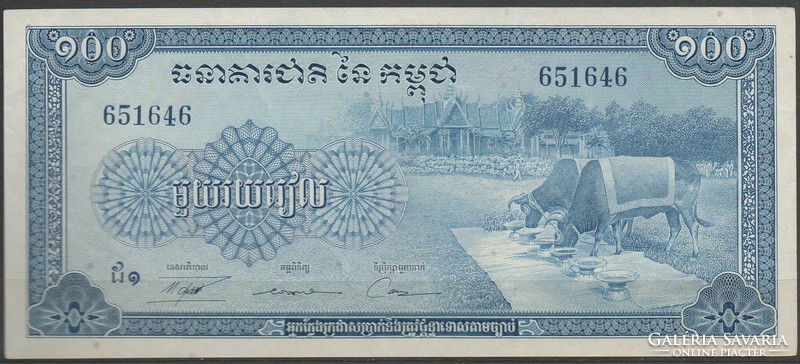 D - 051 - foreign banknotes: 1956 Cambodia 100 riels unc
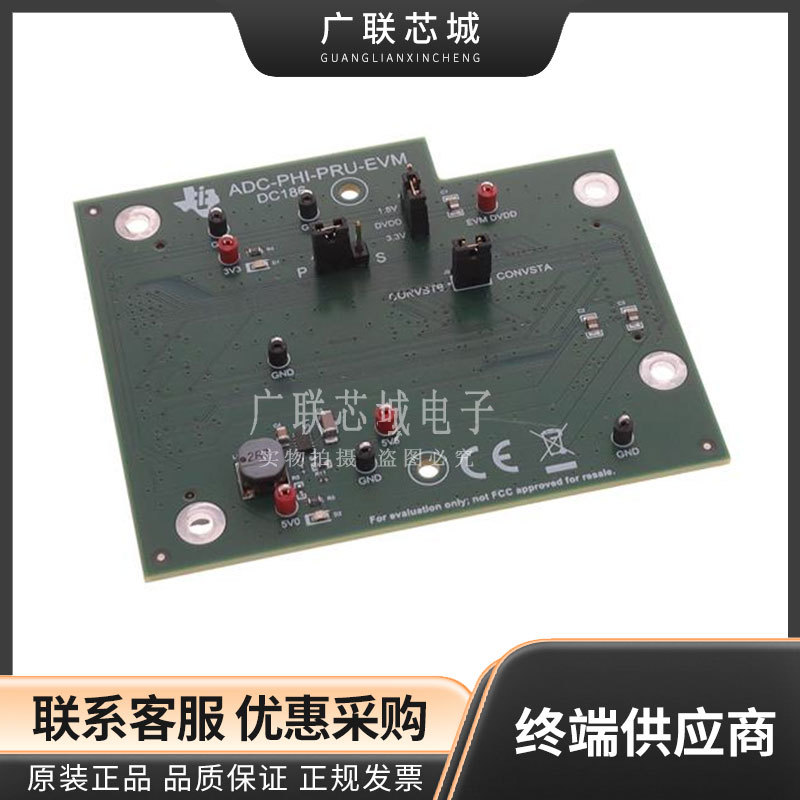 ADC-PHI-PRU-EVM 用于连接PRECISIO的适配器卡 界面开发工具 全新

* * *

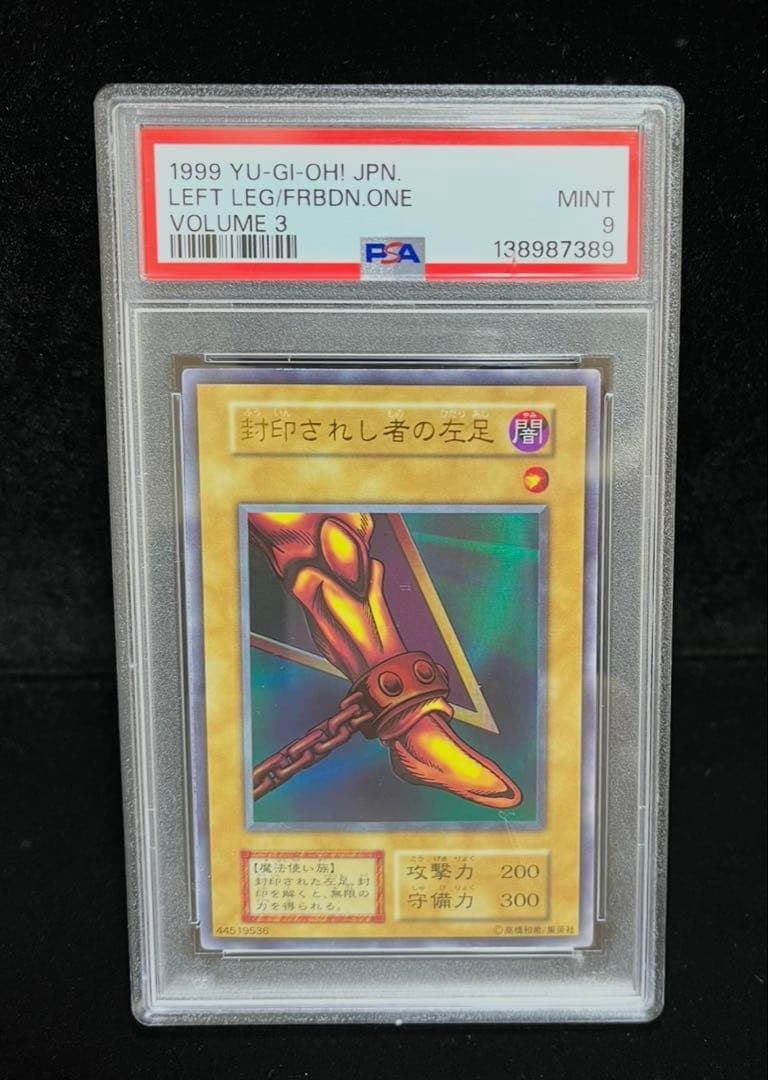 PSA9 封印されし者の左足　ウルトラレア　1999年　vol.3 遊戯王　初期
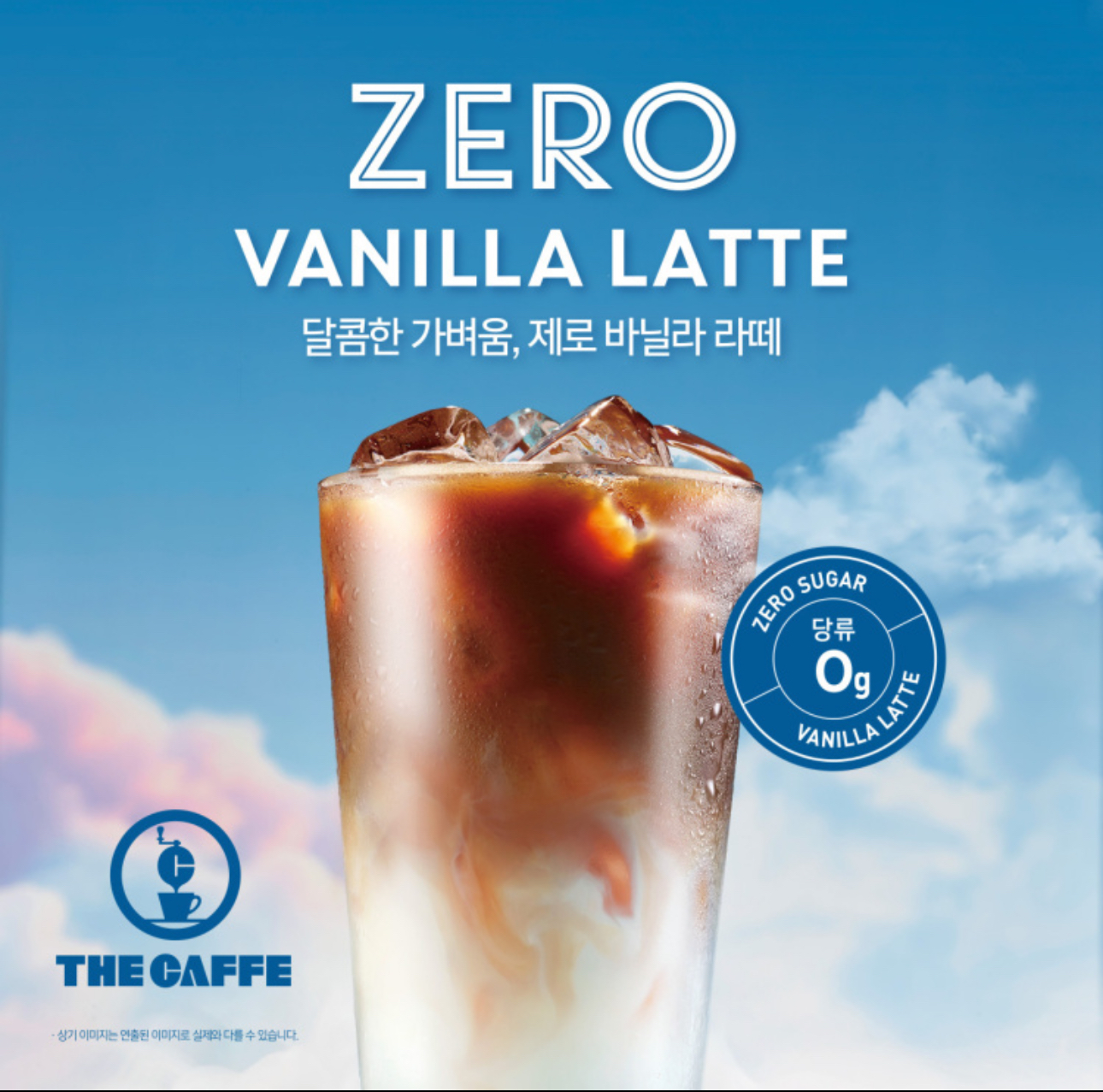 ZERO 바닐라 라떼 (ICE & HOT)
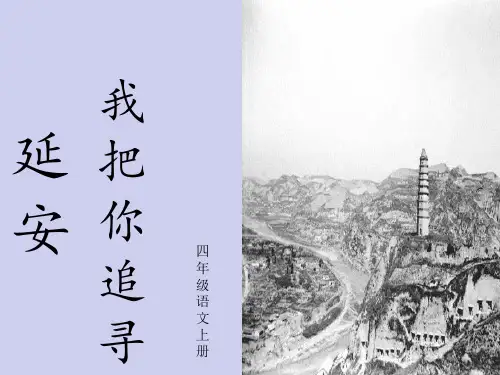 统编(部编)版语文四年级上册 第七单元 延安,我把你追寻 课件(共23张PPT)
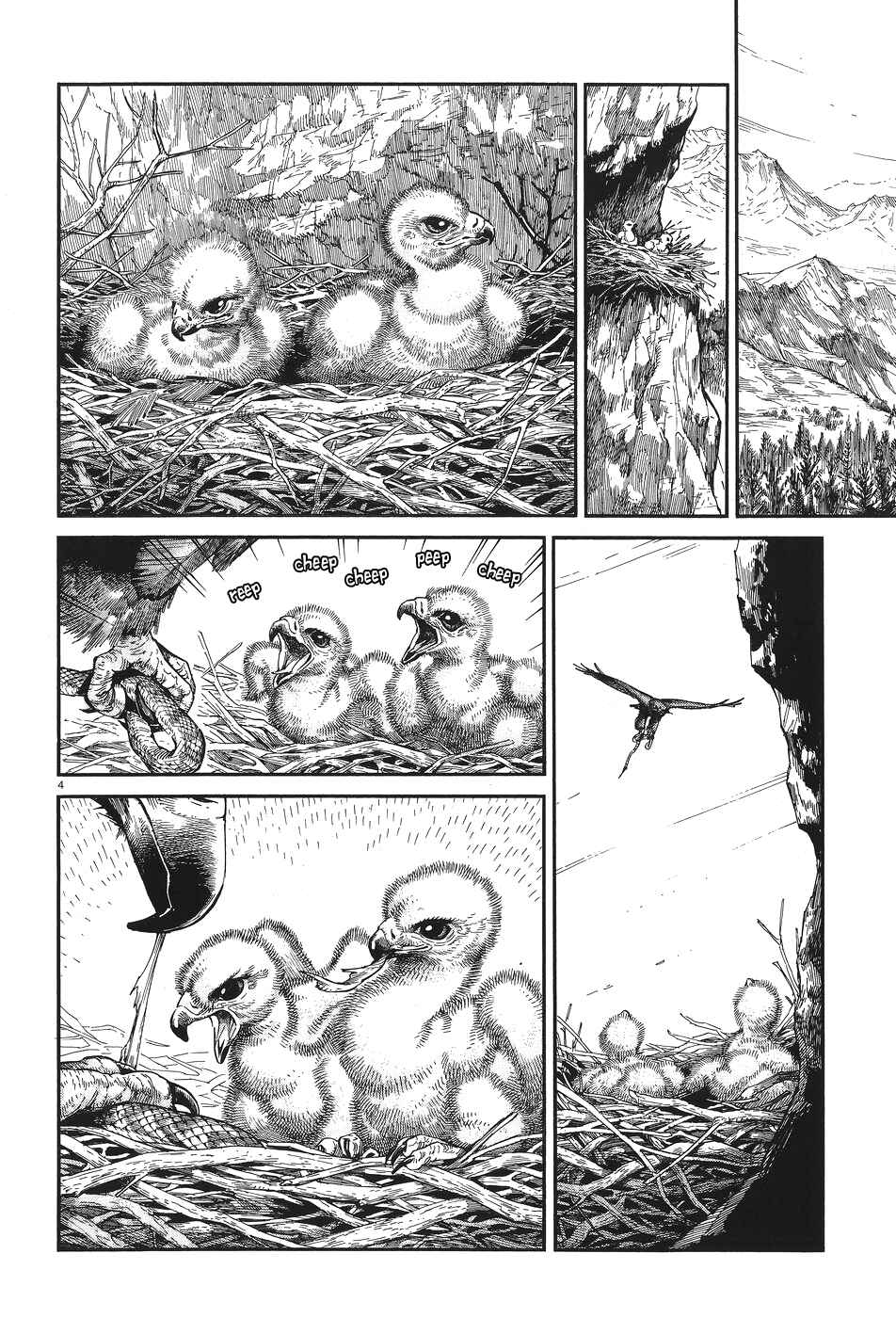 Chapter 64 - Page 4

**Your objective**
The answer is the lines of the material above, from the one containing "D - 051 - foreign" down to the one containing "ADC-PHI-PRU-EVM 用于连接PRECISIO的适配器卡 界面开发工具 全新", given exactly and without images.

**Completed exercise**
 D - 051 - foreign banknotes: 1956 Cambodia 100 riels unc
 ADC-PHI-PRU-EVM 用于连接PRECISIO的适配器卡 界面开发工具 全新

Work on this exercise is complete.